L’anno che verrà, scritta da Lucio Dalla nel 1979, ci trasmette l’emozione della speranza in un futuro migliore, coltivata da chi vive in un tempo oscuro in cui: “c’è chi ha messo dei sacchi di sabbia vicino alla finestra”. Ho pensato alla canzone-epistola che Dalla aveva scritto ad un amico immaginario quando ho letto la lettera che migliaia di cittadini stanno inviando al Comando Generale delle Capitanerie di Porto ed alla loro coscienza, avente ad oggetto la richiesta di immediato ripristino delle operazioni di soccorso in mare nei riguardi delle navi ONG. Questo il testo:
“ Apprendiamo che la Guardia Costiera italiana ha, nella giornata di venerdì 22 giugno, diffuso una nota, rivolta ai comandanti delle imbarcazioni che si trovano nella zona antistante la Libia, in cui si precisa di “rivolgersi al Centro di Tripoli ed alla Guardia costiera libica per richiedere soccorso”. La Guardia Costiera italiana ha sempre svolto in questi anni importanti operazioni di soccorso in mare portando in salvo migliaia di persone, operando anche al limite delle acque libiche. Ci chiediamo perché oggi delegando alla Libia, Paese con Governo instabile, non in grado di garantire i diritti fondamentali dell’uomo e ancora priva di una Centrale operativa nazionale di coordinamento degli interventi di soccorso in mare, il vostro Corpo, pur eseguendo un comando, intenda vanificare l’importante operato fin qui svolto e contravvenire alla Convenzione Sar siglata ad Amburgo nel 1979 ed alla Convenzione delle Nazioni Unite sul diritto del mare (Unclos) del 1982. Tutto ciò dinanzi, peraltro, ad una Guardia Costiera Libica su cui pesano pesanti accuse di “condotte violente durante le intercettazioni in mare e collusione con i trafficanti (..) Le operazioni di soccorso si devono concludere in un porto sicuro nel più breve tempo possibile, sempre in rispetto della Convenzione SAR. Ricordiamo, infine, che in base ai dati forniti dall’UNHCR sono già più di mille i migranti morti nel mediterraneo, di cui ben 220 persone tra il 19 ed il 20 giugno. Morti che continueranno purtroppo ad aumentare se la nostra Guardia Costiera porrà fine alle sue missioni (..) Facciamo appello al rispetto delle Convenzioni di diritto del mare, ma anche al profondo senso di umanità che ha sempre contraddistinto la Guardia Costiera Italiana: non si esima ora dalla salvaguardia delle persone, nel rispetto delle Convenzioni internazionali di diritto del mare e a garanzia dei diritti fondamentali dell’uomo.”

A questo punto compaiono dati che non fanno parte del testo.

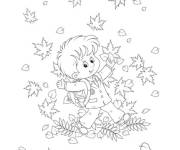 Coloriage Enfants entour&eacute; par les feuilles d'automne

E’ curioso che questa lettera si rivolga “alla coscienza” delle Capitanerie di porto, attribuendo un’anima ad un corpo militare. In realtà questo corpo l’anima l’ha sempre avuta, come l’hanno sempre avuta gli altri corpi militari impegnati sul fronte del soccorso in mare. Il tempo in cui era in auge il motto “credere, obbedire, combattere” è tramontato da un bel pezzo. Adesso gli ingranaggi del potere trovano due ostacoli fastidiosi: la Costituzione e la coscienza. Per chi ha poca memoria, vogliamo ricordare che il nuovo modello di contrasto all’immigrazione che si sta attuando in questi convulsi giorni di giugno trova un precedente nella politica dei respingimenti sperimentata nel maggio del 2009 dal ministro Maroni, che aveva dato l’ordine alle motovedette italiane di “catturare” i migranti in acque internazionali e riportarli in Libia per consegnarli alla Gestapo di Gheddafi. Queste operazioni provocavano scene strazianti, che turbavano profondamente i marinai italiani. Di questo turbamento costituisce testimonianza il racconto di un militare della Guardia di Finanza pubblicato dal quotidiano La Repubblica del 15 settembre del 2010: “Questa storia dei respingimenti è uno dei servizi più crudeli che svolgiamo. E da molti mesi si registrano casi di “ammutinamento”, nel senso che molti pattugliatori, che dovevano salpare da porti liguri o toscani per darci il cambio, non partono proprio. I nostri colleghi giustamente si rifiutano di svolgere questo servizio “infame” che non ci fa dormire la notte (..) Io sono un militare, ma soprattutto un uomo, un padre. E a costo di rischiare provvedimenti disciplinari non lo farò mai più. Un giorno o l’altro dovrò rendere conto a qualcuno ed io voglio avere la coscienza pulita.” Per quanto possa sembrare strano, oggi è ritornato d’attualità il dilemma di Antigone: obbedire all’editto di Creonte o alle leggi dell’umanità?